**Exercise input:**
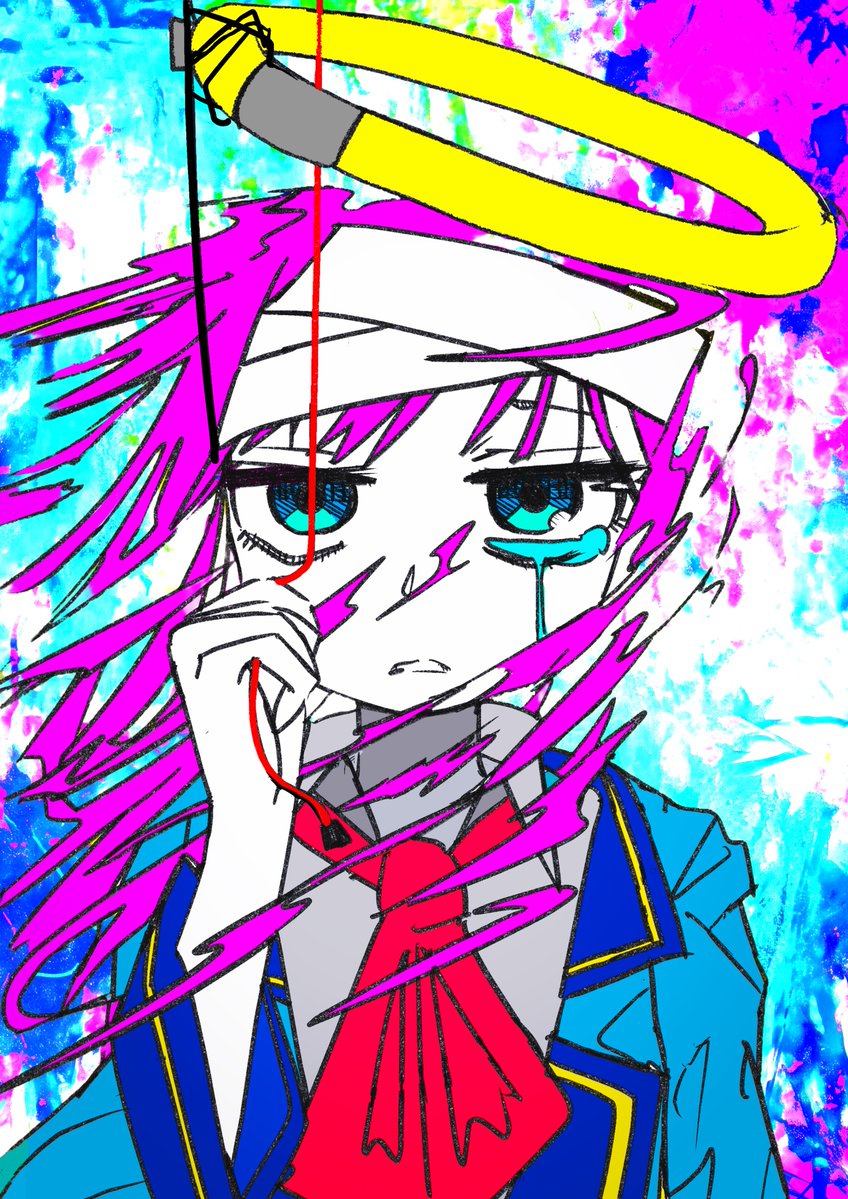 とーる＠ボーマス［B17,18］ (@16167sakana) / Posts / X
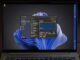 Windows 11’s new “better performance” toggle shows up, but your current PC will never be able to use it Windows 11 APX upgrade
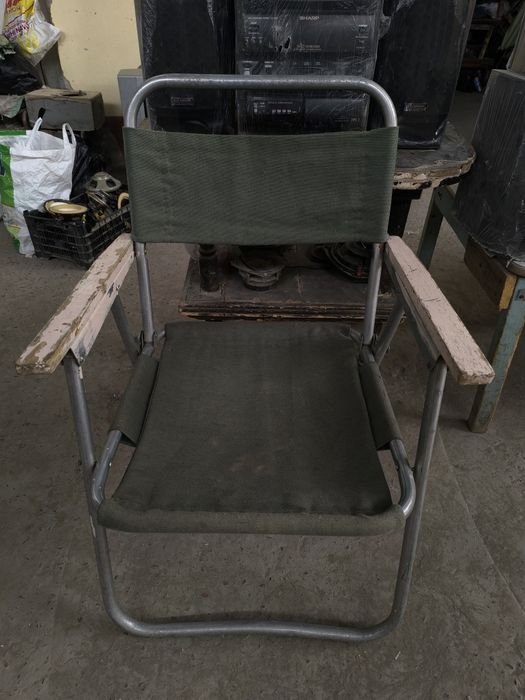 Курсила сотилади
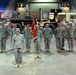1249th Engineers welcomed home
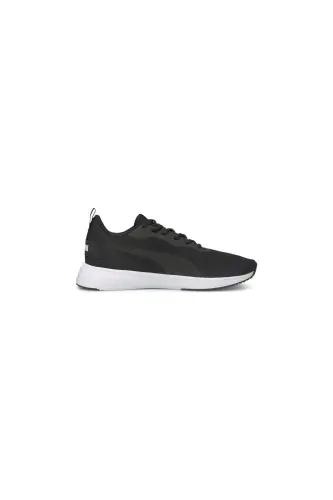 Flyer Flex Men's Running Shoe - 3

**About this task:** Precisely the lines from the one containing "Курсила сотилади" to the end of the data above, both included, should be printed; leave the pictures out.

**Solution for this task:**
 Курсила сотилади
1249th Engineers welcomed home
 Flyer Flex Men's Running Shoe - 3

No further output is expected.